Within the records, tally the lines that contain "White" and reply with that number only.

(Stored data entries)
+-------+

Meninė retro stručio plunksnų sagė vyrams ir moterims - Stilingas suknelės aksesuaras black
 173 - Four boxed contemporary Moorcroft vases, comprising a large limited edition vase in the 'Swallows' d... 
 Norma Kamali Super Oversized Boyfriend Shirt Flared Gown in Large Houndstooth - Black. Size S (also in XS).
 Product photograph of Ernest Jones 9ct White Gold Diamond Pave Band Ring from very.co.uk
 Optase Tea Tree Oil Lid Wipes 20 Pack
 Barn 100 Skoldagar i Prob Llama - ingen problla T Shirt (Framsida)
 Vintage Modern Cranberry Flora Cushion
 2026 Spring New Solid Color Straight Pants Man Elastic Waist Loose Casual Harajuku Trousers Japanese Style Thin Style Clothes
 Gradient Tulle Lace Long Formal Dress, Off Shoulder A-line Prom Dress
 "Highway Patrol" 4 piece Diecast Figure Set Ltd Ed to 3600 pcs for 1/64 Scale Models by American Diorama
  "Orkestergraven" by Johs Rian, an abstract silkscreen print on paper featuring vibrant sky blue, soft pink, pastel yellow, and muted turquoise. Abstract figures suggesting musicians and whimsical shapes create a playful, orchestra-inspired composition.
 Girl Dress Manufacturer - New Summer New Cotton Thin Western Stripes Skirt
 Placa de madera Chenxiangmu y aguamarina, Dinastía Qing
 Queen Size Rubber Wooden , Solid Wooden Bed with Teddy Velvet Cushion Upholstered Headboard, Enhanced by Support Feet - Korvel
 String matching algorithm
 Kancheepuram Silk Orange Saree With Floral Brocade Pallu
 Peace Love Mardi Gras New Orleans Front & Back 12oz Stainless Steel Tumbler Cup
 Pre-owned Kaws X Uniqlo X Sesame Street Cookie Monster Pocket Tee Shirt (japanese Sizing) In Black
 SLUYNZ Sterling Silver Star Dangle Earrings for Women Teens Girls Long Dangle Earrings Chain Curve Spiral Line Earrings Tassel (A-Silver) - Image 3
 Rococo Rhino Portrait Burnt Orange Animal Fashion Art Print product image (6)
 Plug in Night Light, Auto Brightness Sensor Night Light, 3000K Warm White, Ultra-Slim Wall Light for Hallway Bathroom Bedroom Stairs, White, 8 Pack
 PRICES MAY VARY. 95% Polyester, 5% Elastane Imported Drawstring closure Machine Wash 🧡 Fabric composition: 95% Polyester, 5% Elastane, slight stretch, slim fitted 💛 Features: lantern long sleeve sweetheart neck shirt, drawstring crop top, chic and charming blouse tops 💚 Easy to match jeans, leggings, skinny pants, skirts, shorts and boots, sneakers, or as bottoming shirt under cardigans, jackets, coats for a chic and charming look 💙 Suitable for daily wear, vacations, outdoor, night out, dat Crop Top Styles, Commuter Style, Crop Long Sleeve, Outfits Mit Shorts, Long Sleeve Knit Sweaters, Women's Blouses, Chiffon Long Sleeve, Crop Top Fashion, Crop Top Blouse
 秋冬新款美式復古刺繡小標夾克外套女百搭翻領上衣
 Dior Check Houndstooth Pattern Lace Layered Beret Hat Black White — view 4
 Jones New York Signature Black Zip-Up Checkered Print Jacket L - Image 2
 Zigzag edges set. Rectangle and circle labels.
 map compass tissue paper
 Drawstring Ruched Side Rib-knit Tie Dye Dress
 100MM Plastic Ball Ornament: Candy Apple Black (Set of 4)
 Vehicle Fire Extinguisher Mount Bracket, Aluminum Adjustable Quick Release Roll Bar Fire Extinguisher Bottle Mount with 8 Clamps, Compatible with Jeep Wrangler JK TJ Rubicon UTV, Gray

+-------+

▸ **Reply**:
3